Turnierdebütant Schweiz hat das Finale der FIFA U-17-Weltmeisterschaft 2009 in Nigeria erreicht. Die Auswahl von Coach Dany Ryser bezwang an diesem Donnerstag im Teslim-Balogun-Stadion von Lagos Kolumbien deutlich mit 4:0 und kämpft nun am Sonntag in Abuja gegen den Sieger des zweiten Halbfinalduells zwischen dem Gastgeber und Spanien um die WM-Trophäe.

In der Hitze von Lagos waren es die Südamerikaner, die in den Anfangsminuten mutiger wirkten und mit ihren technischen Finessen den Ball in ihren Reihen halten konnten. Nach knapp zehn Minuten gelang es den Eidgenossen jedoch, ihre Anfangsnervosität abzulegen. Torjäger Haris Seferovic scheiterte nur knapp mit einem ersten Schussversuch.

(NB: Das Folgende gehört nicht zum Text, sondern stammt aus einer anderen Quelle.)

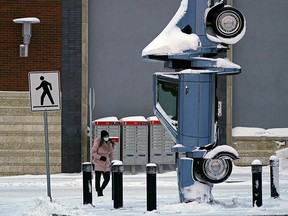 A woman walks past a snow-covered car at a pedestrian crossing in Edmonton on Wednesday January 5, 2022. An extreme cold warning issued for the Edmonton region brought temperatures of -30C degrees and wind chill values of -40C degrees to the city, along with icy road conditions. The car is an art installation at Unity Square shopping centre. (PHOTO BY LARRY WONG/POSTMEDIA)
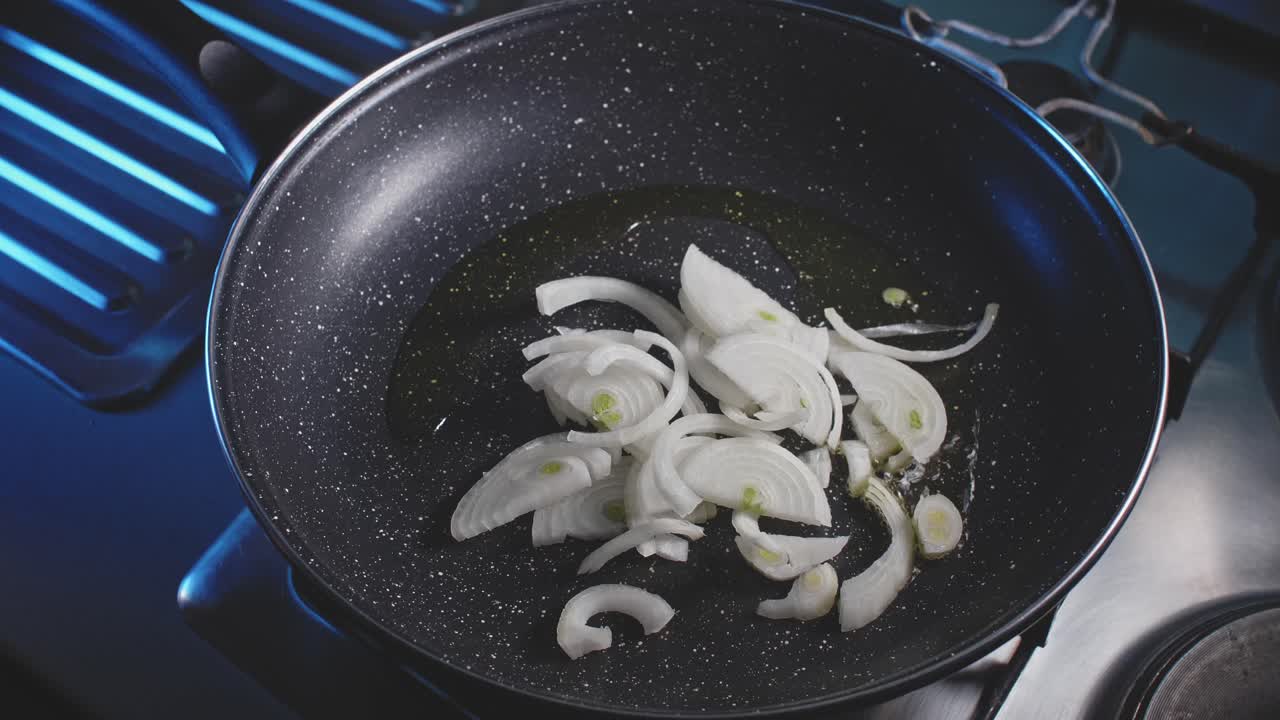 An overhead closeup of a hot oiled skillet where a man's hands transfer sliced onions then adds multicolored bell peppers into the skillet and then stirs with a wooden spatula, spreading evenly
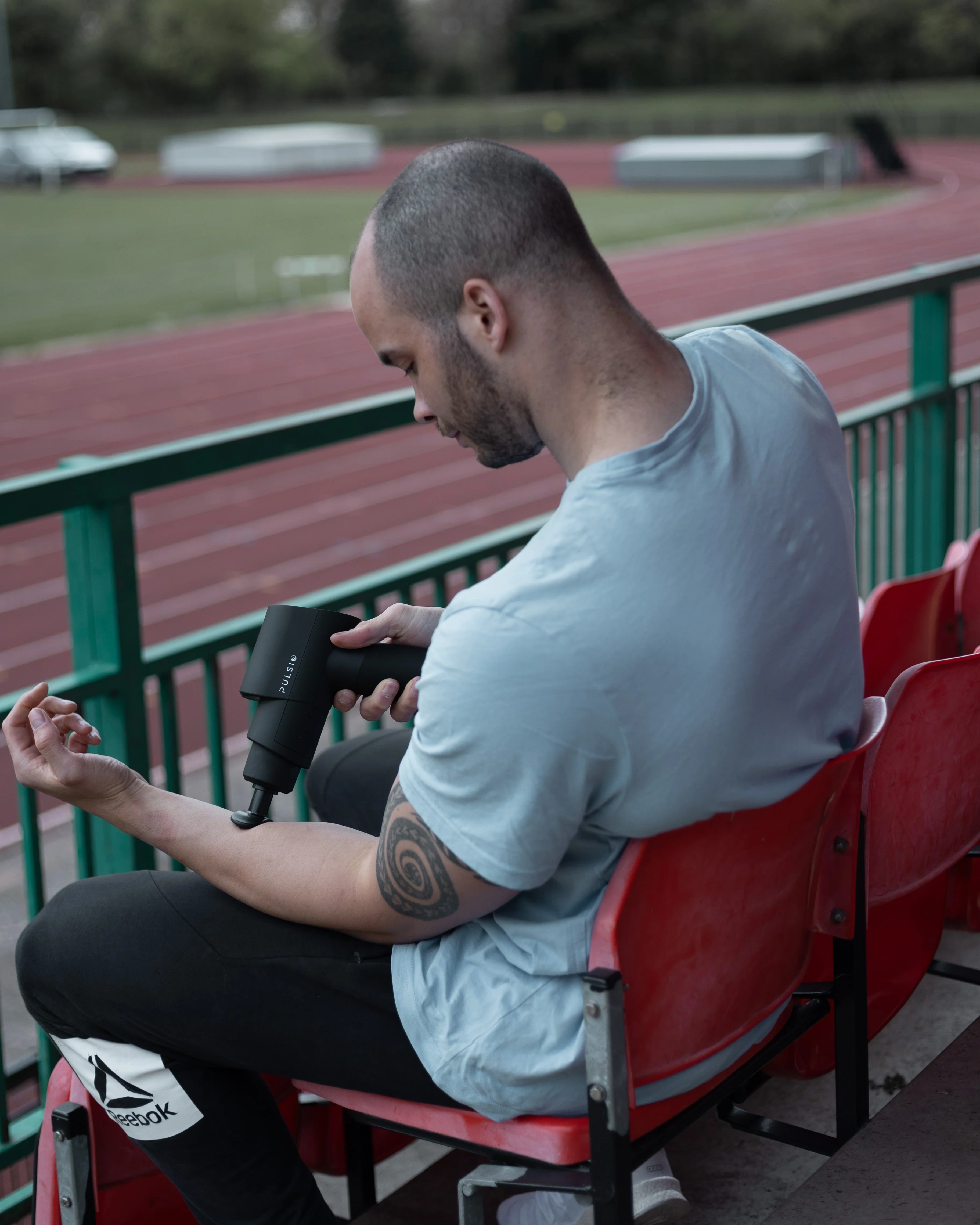 Person using a massage gun on their arm seated at a stadium.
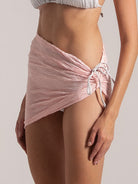 Pastel pink mini sarong bikini cover-up with ruched detailing, perfect for beach layering.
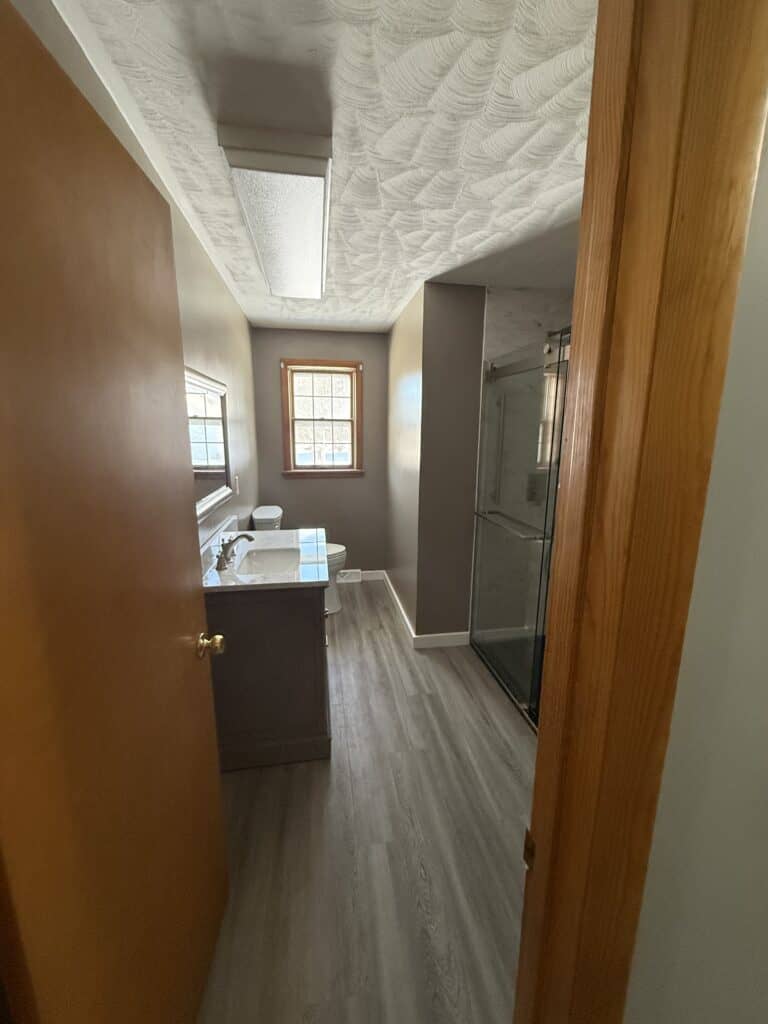 Bathroom with modern fixtures and natural light.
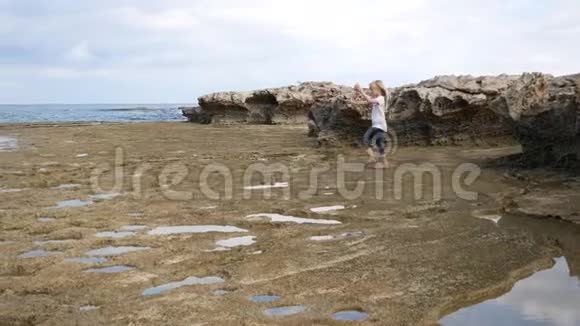 一个女孩走在岩石海岸看着水坑寻找有趣的东西视频的预览图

Momente später sollte das junge europäische Ensemble jubeln: Nassim Ben Khalifa drang in den kolumbianischen Strafraum ein, und während sein erster Schuss von Schlussmann Cristian Bonilla noch gehalten werden konnte, beging Santiago Arias beim Nachsetzen des Schweizers ein Handspiel, das dem südamerikanischen Verteidiger die Rote Karte einbrachte und Ben Khalifa ermöglichte, mit dem folgenden Strafstoß nach 14 Minuten die Führung zu erzielen.

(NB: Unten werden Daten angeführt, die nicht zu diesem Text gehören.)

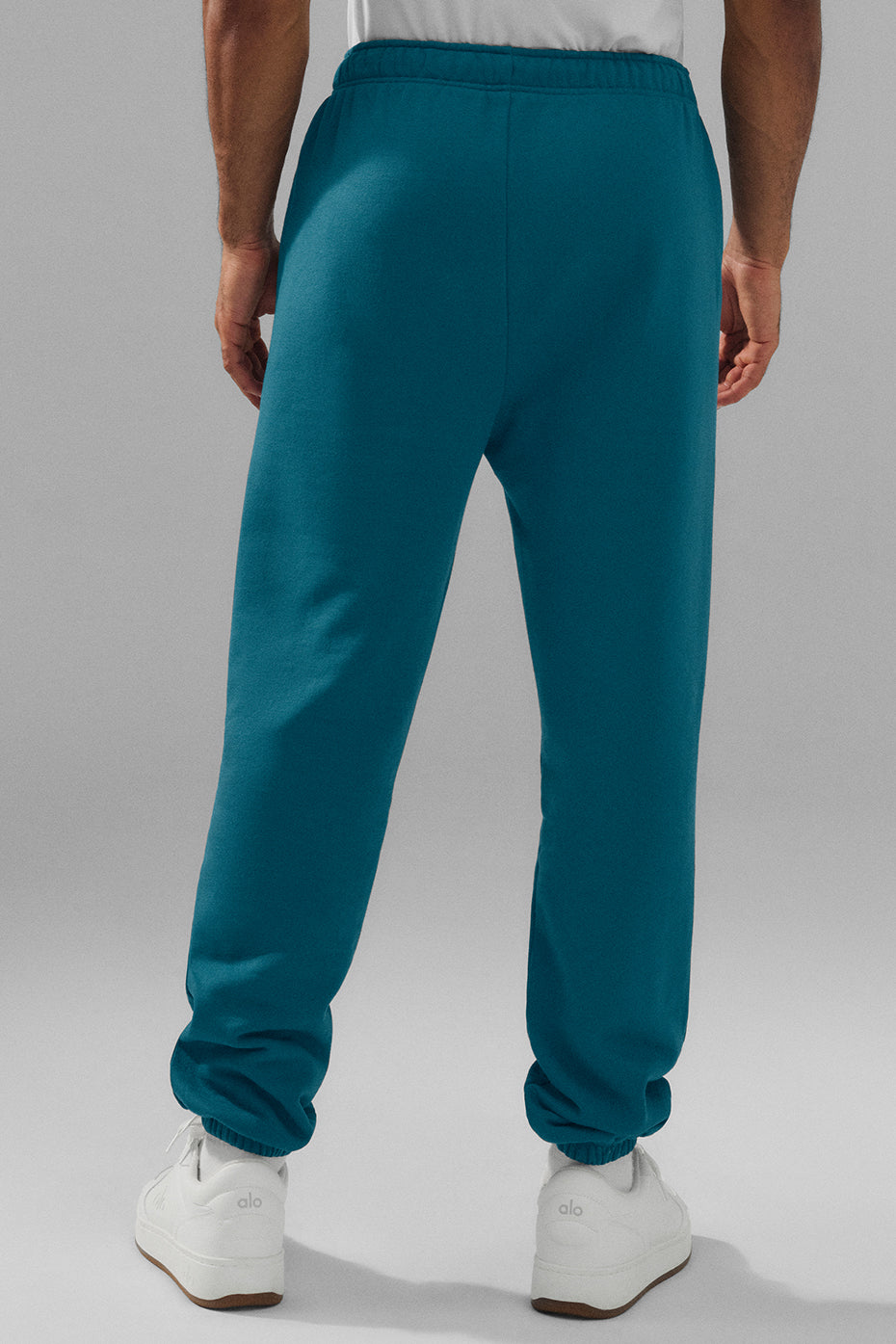 Side view of baggy sweatpants in Oceanic Teal, ideal for casual wear.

Die Schützlinge von Ramiro Viafara reagierten wütend und hätten durch zwei Kopfbälle von Jean Blanco und Jeison Murillo sowie mit einem Distanzschuss von Gustavo Cuellar durchaus den prompten Ausgleich erzielen können, der Ball flog jedoch jeweils knapp am Schweizer Gehäuse vorbei. Doch auch auf der Gegenseite war Aufregung angesagt, denn Seferovic und Ben Khalifa scheiterten mehrfach aussichtsreich an Torwart Bonilla.

In der 36. Minute zeigte sich das Schweizer Traumduo dann aber wieder von seiner besten Seite. Der technisch überragende Ben Khalifa setzte Seferovic mit einem tödlichen Pass in Szene und die Schweizer Nummer neun netzte mit aller Kaltschnäuzigkeit zum 2:0 ein. Unmittelbar vor dem Halbzeitpfiff musste sich Kolumbien dann sogar glücklich schätzen, nicht noch höher in Rückstand zu liegen, denn Granit Xhaka traf mit einem 18-Meter-Schuss nur die Querlatte.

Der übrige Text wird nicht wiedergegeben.